This circumstance, in our opinion, is relevant and thus conditions the type of relationship as much as the design of the tools used for management control. The companies under study by Van der Meer-Kooistra and Vosselman rely on their great experience in subcontracting, and the relationship is of long-term duration. In the case of FDT, both of these characteristics are also present.

Comparing the form of franchise management control under study with the patterns indicated by Van der Meer-Kooistra and Vosselman, we can conclude that the control of relationship is more similar to the bureaucracy-based control pattern, although it could be a hybrid between this and the trust-based pattern. With respect to contingency factors, we can conclude that the relationship can also be considered to be bureaucracy-based. The reasons for these conclusions are now set forward.

Management Control Patterns in Inter-firm Relationships

The contact phase of the model based on bureaucracy is characterized by the pre-selection of potential suppliers, bidding procedures, and detailed selection criteria, among others.

When seeking new franchisees (contact phase), the franchisor uses two approaches. On the one hand, it presents and organizes trade fairs to make its establishment known, to distribute information to potential franchisees, and to contact with possible candidates that will later be studied. On the other, later on, it carries out a thorough screening process of these candidates, using well defined criteria, including both the initial conditions required (minimum investment, minimum premises and population size, etc.), and other studies carried out by the Expansion Department, such as economic capacity and viability or the concrete location of the locale.

Once the new franchisee has been selected, a common practice in franchise systems is the presence of a type of contract that is an option for the potential franchisee to purchase the franchise, and that permits both parties to advance in the completion of certain operations and analyses prior to the final contract that will seal a definitive agreement. This document (Pre-contract or Reservation Contract) is simply a preferential possibility for the franchisee to join the network. On being granted the preliminary contract, the franchisee pays an entry fee on account. These actions constitute an intermediate step between the first contact and the contract phases.
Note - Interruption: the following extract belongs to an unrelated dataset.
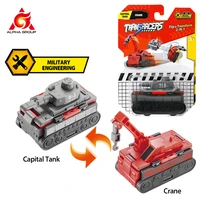 transracers 1pcs 2 in 1 transforming vehicles forklift armored crane road roller mini flip cars girl boy birthday kid toy gifts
The contract phase of the Model based on Bureaucracy is defined by extensive and comprehensive contracting; payment is based on real activities or output.

The franchise contract phase regulates the rights and obligations of the franchisor and franchisee for the duration of the relationship. This document reflects the willingness of the signatories to participate in a business relationship through a franchise system. During this stage both parties subject the contract to rigorous study before its signing, so that it will clearly, and unambiguously, regulate the obligations that the franchise system imposes on the franchisor and the franchisee. This contract will necessarily include the transfer of the trademark to the franchisee, the transfer of the know-how, and the provision of continuing assistance to the franchisee for the duration of the contract.
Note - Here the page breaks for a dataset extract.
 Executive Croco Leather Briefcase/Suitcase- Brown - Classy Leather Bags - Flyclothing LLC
The contract is the best way to avoid unpleasant surprises in the future and thus is intended to regulate all possible contingencies or causes of future conflict. Some of the points covered are the amount and date of individual franchise payments, initial and subsequent training in production, as well as management (if the franchisee needs it), delivery of the manuals and cookbooks necessary for running the business, etc. Payments, as previously indicated, are based on the sales revenue.
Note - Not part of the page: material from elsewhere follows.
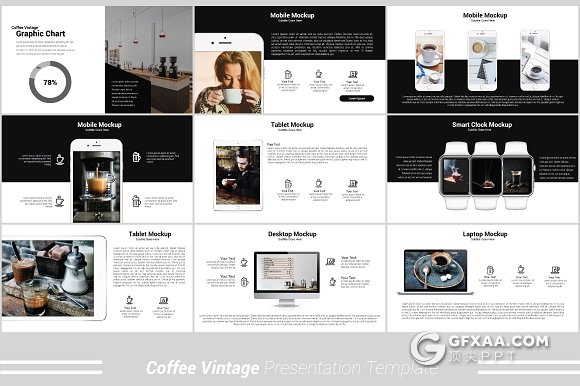 110页复古咖啡产品介绍展示keynote模板 - 顶尖PPT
The execution phase of the Model based on Bureaucracy includes supervision, performance measurement and evaluation, detailed ex-post information processing and direct intervention.

The execution phase of the franchise contract includes periodical monitoring of the franchisee by the franchisor. Most of the mechanisms (area representatives, “mystery clients”, telephone and internet contacts) deal with the way the franchisee treats the image of the brand or know-how, as, for example, in its supplies, adequate customer service, the correct outfitting of the locale in the required aesthetic and sanitary conditions.

If shortcomings are found during controls, the franchise gets in touch with the franchisee to resolve the causes of the situation (through recycling training, warnings about weak points, etc.).

Contingency Factors and Management Control Patterns

The transaction characteristics of the Model based on Bureaucracy refer to the existence of medium or high asset specificity which can be protected by contractual rules, high to medium repetition, measurability of activities or output based on contractual rules, and medium to long-term contracts.

In that sense, the main contractual rules between franchisor and franchisees are the transfer of the trademark and know-how, which are the principal assets, since without them the relationship cannot exist. The relationship is also intended to be long term; the contract is initially signed for ten years. The quality of products (tapas) and services (customer service) are determined in the manuals available to the franchisee dealing with the elaboration of products and service procedures.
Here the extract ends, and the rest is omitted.